Copy exactly the lines of the data below, beginning with the line with "Античный кожаный браслет" and ending with the line with "Kinizuxi Anneau de". Pictures are to be omitted.

Input ::
------------------------------
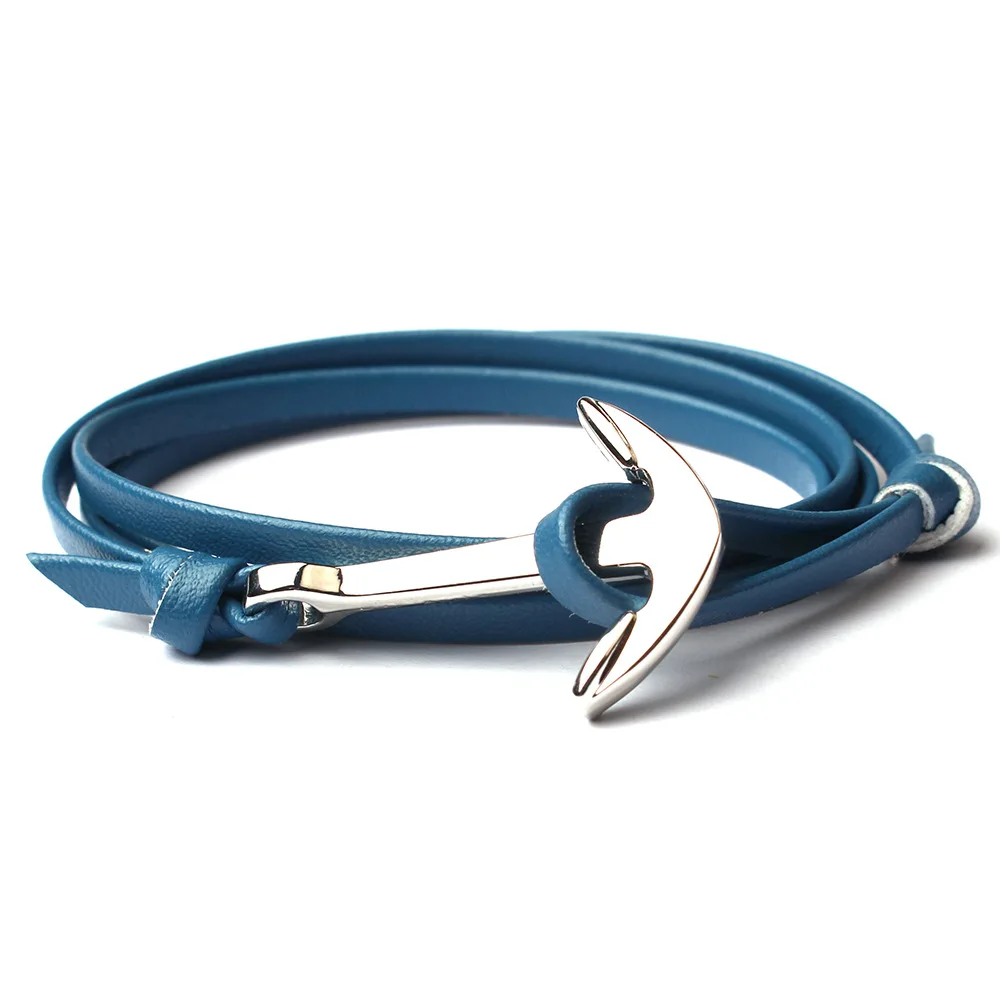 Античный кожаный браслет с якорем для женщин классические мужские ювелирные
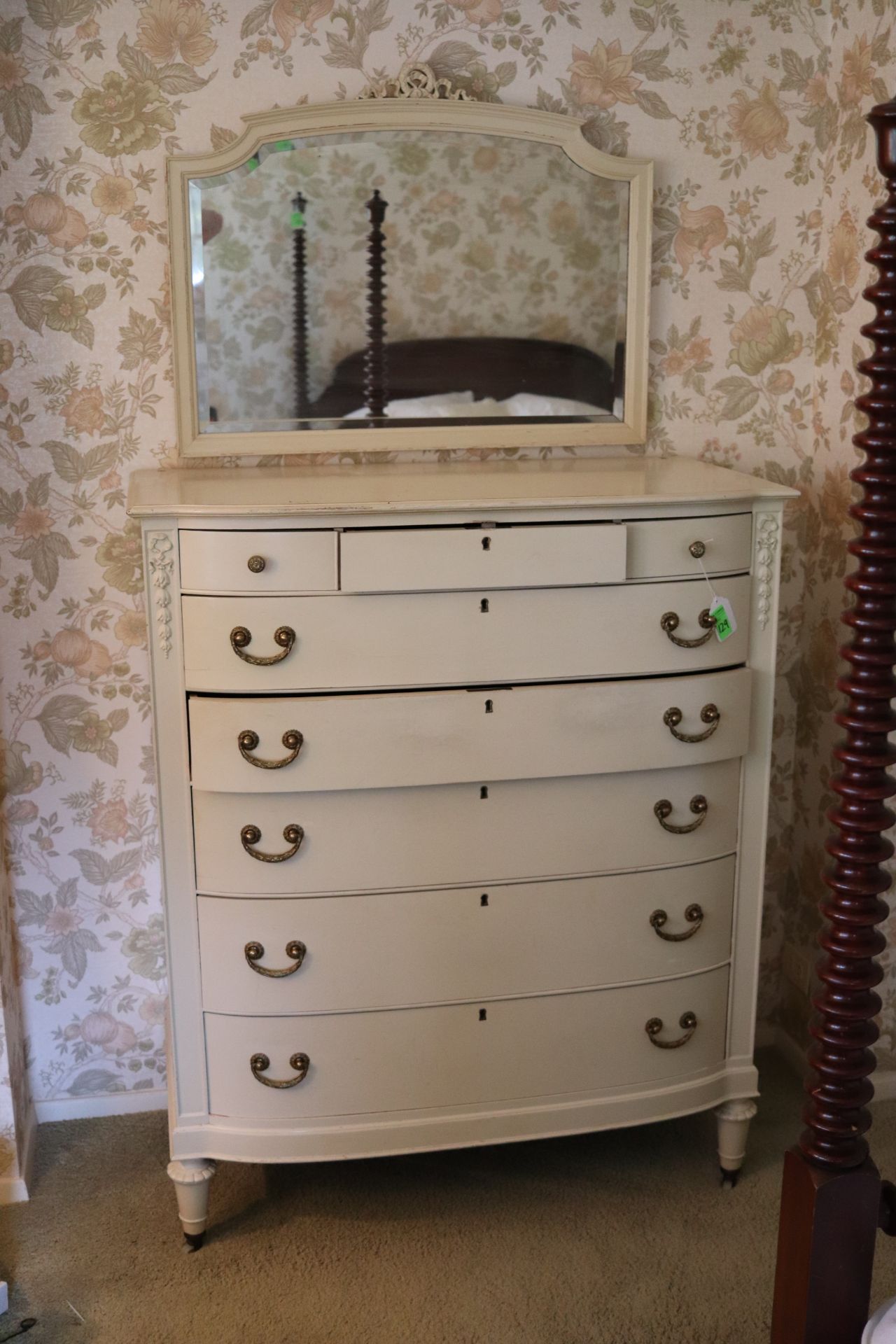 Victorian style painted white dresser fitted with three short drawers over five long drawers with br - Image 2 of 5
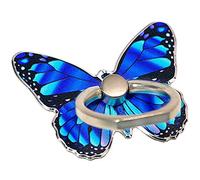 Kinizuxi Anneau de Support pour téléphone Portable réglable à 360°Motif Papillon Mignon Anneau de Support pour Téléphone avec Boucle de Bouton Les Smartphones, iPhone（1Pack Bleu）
------------------------------
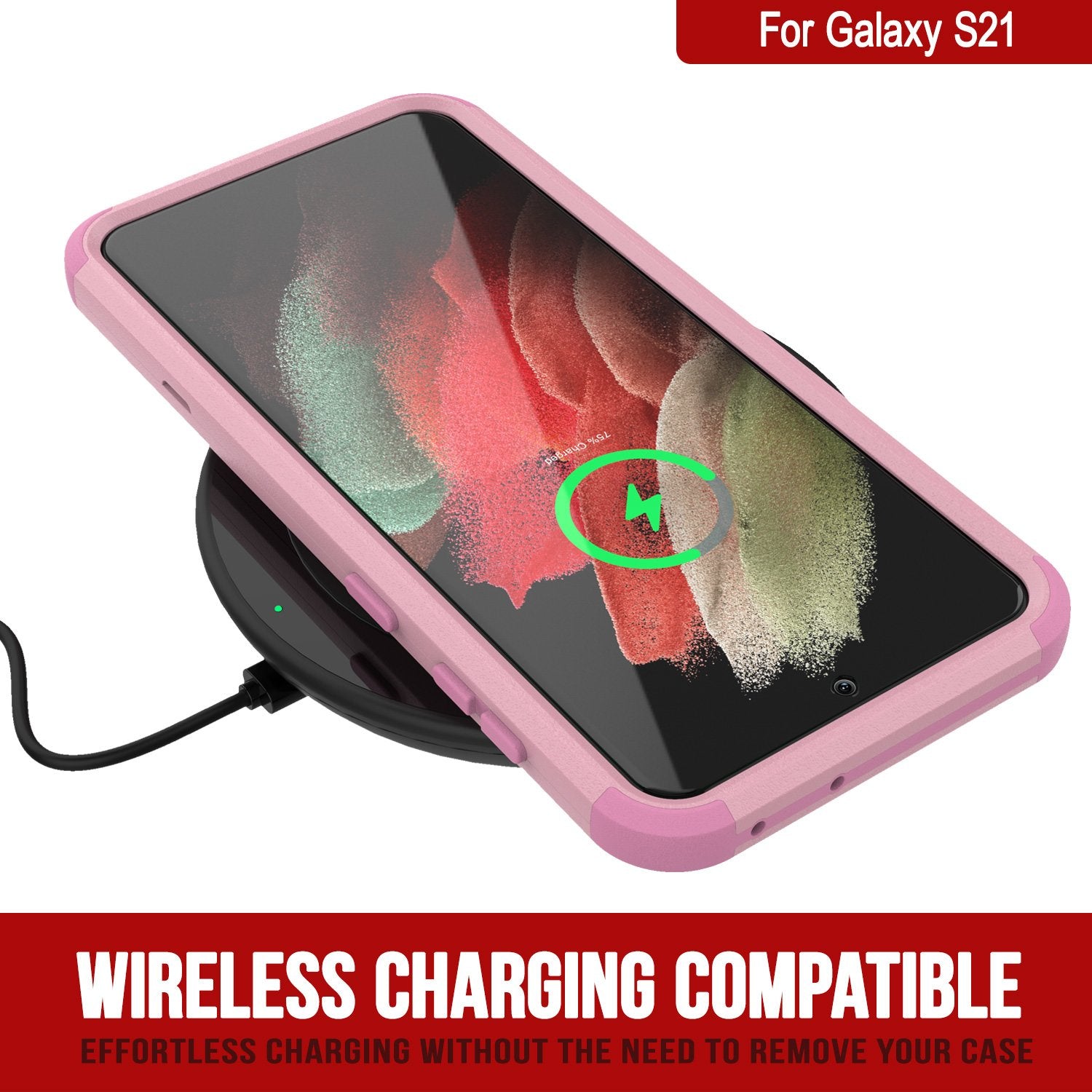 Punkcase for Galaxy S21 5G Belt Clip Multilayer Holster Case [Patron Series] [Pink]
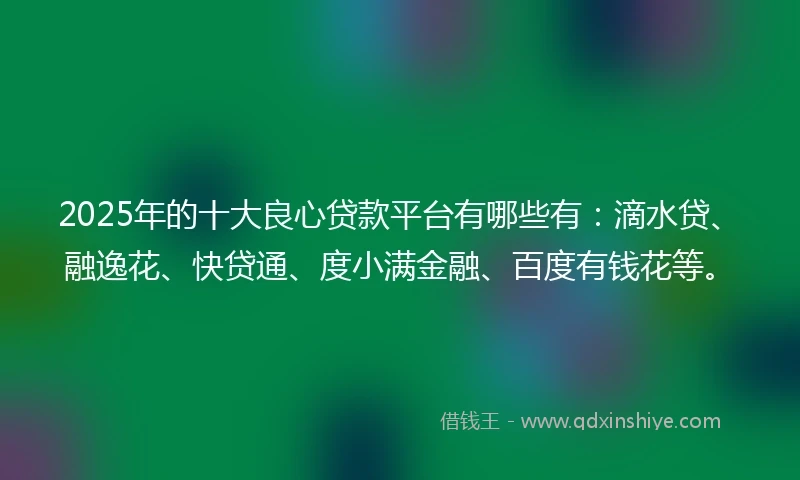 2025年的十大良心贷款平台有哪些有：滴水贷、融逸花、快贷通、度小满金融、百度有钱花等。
------------------------------
The answer ::
 Античный кожаный браслет с якорем для женщин классические мужские ювелирные
 Victorian style painted white dresser fitted with three short drawers over five long drawers with br - Image 2 of 5
 Kinizuxi Anneau de Support pour téléphone Portable réglable à 360°Motif Papillon Mignon Anneau de Support pour Téléphone avec Boucle de Bouton Les Smartphones, iPhone（1Pack Bleu）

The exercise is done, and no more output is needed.